There must be regular drills of employes on the use of these appliances and in the operations of doors and vents.
All doors must swing to the outside.
FIGURE 124.
The Stage.—Figure 124 is a floor plan of a typical stage, showing the orchestra pit O, foot lights F, steel curtain C, switchboard S, stage pockets Q, proscenium side lights P, and general arrangement of scenery. The foot lights are not always curved but it seems advantageous to arrange them in this way. The rows of seats are of necessity curved so as to face each patron squarely toward the stage. If then the stage and foot lights are curved in the same way, the actors will be able to come that much closer to the audience and can thus make themselves more easily heard. The curving of the foot lights will have the further advantage of illuminating the sides of an actor more than would be the case if they were laid out in a straight line.

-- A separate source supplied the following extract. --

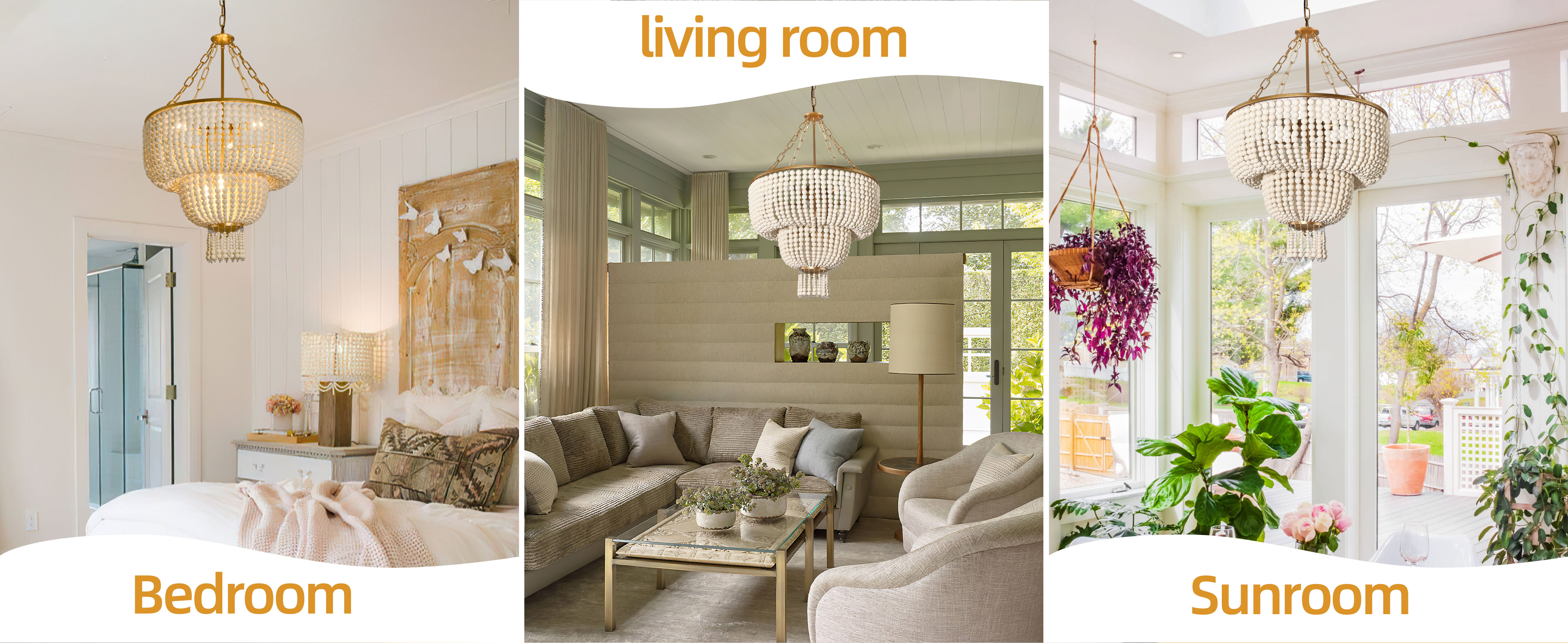 Boho Light Fixtures Ceiling Natural Wood Beaded Chandelier (2)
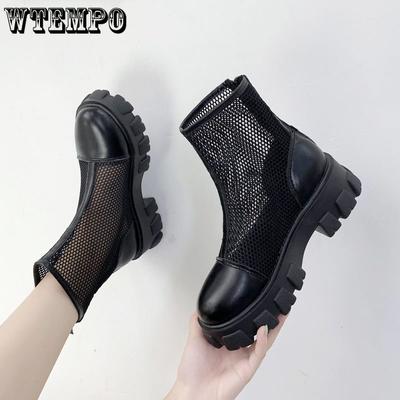 Сапоги в сетку, женские дышащие тонкие крутые сапоги в британском стиле на весну и лето с сетчатой ​​поверхностью на толстой подошве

At each side of the steel curtain are the proscenium side lights. In some cases these lights are arranged on the audience side of the curtain, the object being to arrange them as far in front of the stage as possible. The location of these lights is awkward and it is difficult to get light from them in a useful direction.
In most theaters the switchboard is located on the right-hand side of the stage, facing the audience. This is the side from which the stage manager prefers to work and the operating electrician should be close to him. In most well-arranged theaters, the switchboard is raised above the stage level so that it may not obstruct the exits of the actors. Where practicable, the board should be let into the proscenium wall so as to allow the operator to stand as close to the proscenium opening as possible. He should have a full view of the stage at all times, since many of his cues are given by movements of the actors.
The stage pockets are laid out far enough from the center of the stage to insure their being always behind the scenery. If they are brought in too close, it is possible that, in a panorama setting, for instance, they would be visible to the audience.
Doors leading from the stage to the outside are always vestibuled in good houses. The vestibule prevents the wind from blowing the drapery about unduly and also shields the actors from unpleasant drafts.
Dressing rooms are arranged wherever the conditions of the building allow suitable space. Many of them are under the stage and others are arranged on one or both sides of the stage, sometimes very high up.
A view of the stage looking from the rear is shown in Figure 125. This figure shows the vent, the method of border light suspension, bridges for support of arc lamps or other sources of illumination, the fly floor, and the rigging loft, or “grid”.
The rigging loft is generally constructed entirely of iron slats with open spaces between them. This is necessary to insure ventilation in case of fire.